Sophie Bennett is not a name you may have heard of, but she’s certainly someone to keep an eye on in the management of Welsh rugby.
As a young promising rugby player at national academy level in England, she progressed from playing at University to playing for Worcester and eventually Cardiff Quins, and subsequently landed a role at the WRU working with Wales’s elite female players.
“Playing for Quins was great, but it got to the point where I had to make a choice and I chose the job,” she says. Employment hasn’t stymied her active lifestyle though: “I was running marathons and doing a lot of road cycling, and now I’m into Crossfit. I train as full-time as someone can when they have a job like mine! I’ve always loved playing sport.”
Sophie’s job is certainly varied. She describes her role as the ‘women’s performance manager’, looking after the senior women’s squad and the pathways that a player may use to break onto the international scene, from regional rugby to Sevens and finally international XVs level.

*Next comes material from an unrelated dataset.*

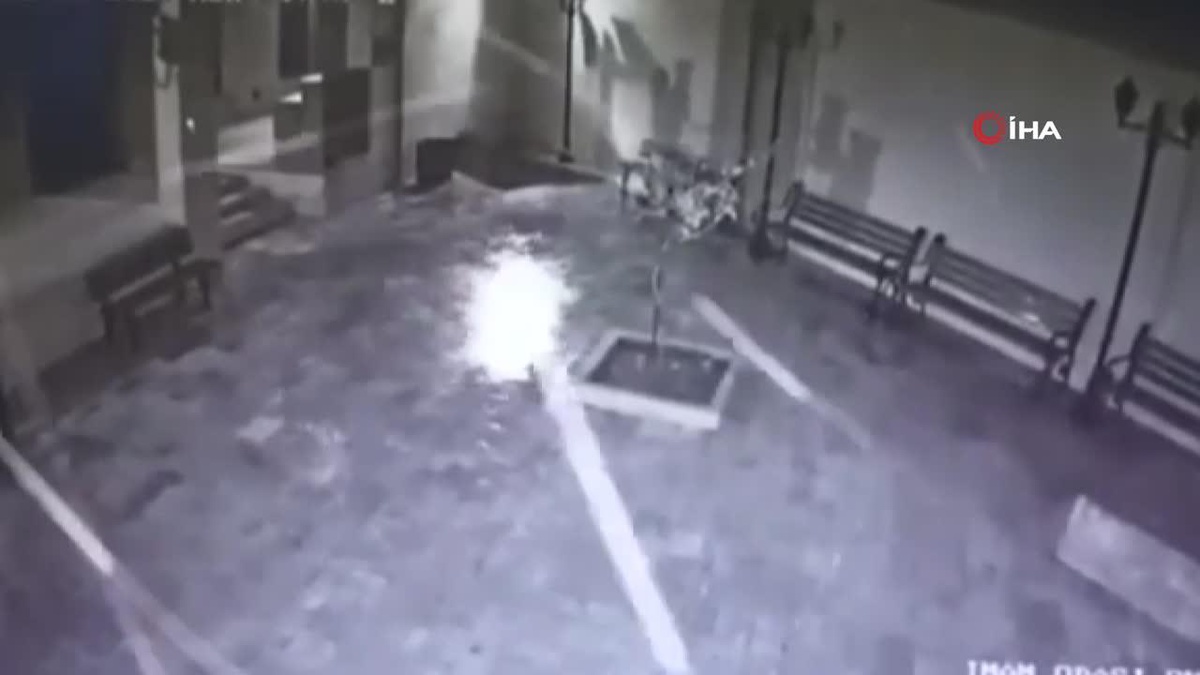 Hatay\'da tarihi caminin yıkım anları görüntülendi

“The other side of my job is to help coordinate the Colleges and Regional & National Age Grade Programmes in the men’s game and help administer the national academy; a group of players who have access to training and holistic support at the state-of-the-art facilities we have here.”
‘Here’ is the National Centre of Excellence (NCE): a base near Hensol in which the top international players are housed. Indeed, the Six Nation’s side will call it home during the 2013 competition. Strangely, though, Sophie tells of how sheer circumstance put rugby in her path. “I sort of fell into rugby. The wife of my colleague who I used to coach with played rugby, so we started a team and went off to university and got more heavily involved then. I got more and more involved in coaching there, and managed to get experience at Gloucester RFC, and was then asked to apply for the job I have now.”
So what was it that made her such an enticing prospect that she was headhunted for her role with the WRU? Volunteering, she says: “I always coached on the side of playing, and did as much as I could. When I graduated I kept coaching the University side, I threw myself into volunteering at Gloucester and for the RFUW.
“When a position opened up at Gloucester I stepped in and said I’d help until they found someone else, which was part time, then moved into managing the department after that. I never originally wanted this; I always saw myself as a PE teacher. But the more I grafted at it, the further I got.”
It is this determination and will to work that has made her the influential figure in welsh rugby that she is today. Indeed, as generations of talent come through the ranks at the NCE, it is thanks to the hard work and dedication of inspirational people like Sophie that these players exist at all.